Now Sam's not advocating this, but this is exactly the same wording used by the emergents, and their desire is for us to be genuine and teach the kiddies about hookers, sexual immorality, murder, and rape. Lets instruct them that we're all beastly, and it's okay to be beastly because God loves everyone anyway. In an amusing turn of irony they commit the same error they blast their Southern baptists forerunners for, just in the opposite way. Rather than reduce the characters to their virtues, they reduce them to their vices and say, "See? Sin's no big deal, God's cool man. Just look at all those people who were forgiven." Which is of course wrong. Gods love is not, in any way, unconditional; it's conditional, it's just that for those of us who are in Christ those conditions have been met, while for those outside of Christ the conditions haven't been. The wrath abides. Take away that bit of bad news and you've killed the gospel dead. Now to be clear Sam is calling for a fair telling of the characters in the Bible, not the slanted, law abiding portion only, but I'm on a soap box now and I'm not getting down until I have thoroughly dismantled the modern children's education movement and that means two more points.

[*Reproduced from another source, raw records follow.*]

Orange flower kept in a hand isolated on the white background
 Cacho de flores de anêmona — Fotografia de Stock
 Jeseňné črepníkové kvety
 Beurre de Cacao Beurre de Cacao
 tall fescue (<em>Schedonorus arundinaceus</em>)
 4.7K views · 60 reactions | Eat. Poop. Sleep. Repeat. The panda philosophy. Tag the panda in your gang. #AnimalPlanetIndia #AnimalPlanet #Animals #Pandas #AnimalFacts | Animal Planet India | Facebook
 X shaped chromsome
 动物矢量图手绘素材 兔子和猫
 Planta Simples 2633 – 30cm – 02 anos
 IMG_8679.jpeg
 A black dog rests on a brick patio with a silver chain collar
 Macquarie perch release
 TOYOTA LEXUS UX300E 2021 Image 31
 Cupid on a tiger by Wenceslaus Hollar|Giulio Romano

Firstly, teaching the kids to obey the law in those simple terms is not just good, it's essential. Praise God it's absolutely, must-have critically essential, and they can't be saved without it. I'll say it more plainly still: lifting up the saints of the Bible for loving the law and trying their best to keep it is a necessary thing. It brings me great pleasure to hear my children running out of their new Bible class singing, "Brother won't you help me, sister won't you help me, building up the temple of the Lord" because they are learning essential truths for life. They're understanding the fundamental message of the gospel in an appropriate way for their age, even if that looks like a base moralism to an emergent fellow.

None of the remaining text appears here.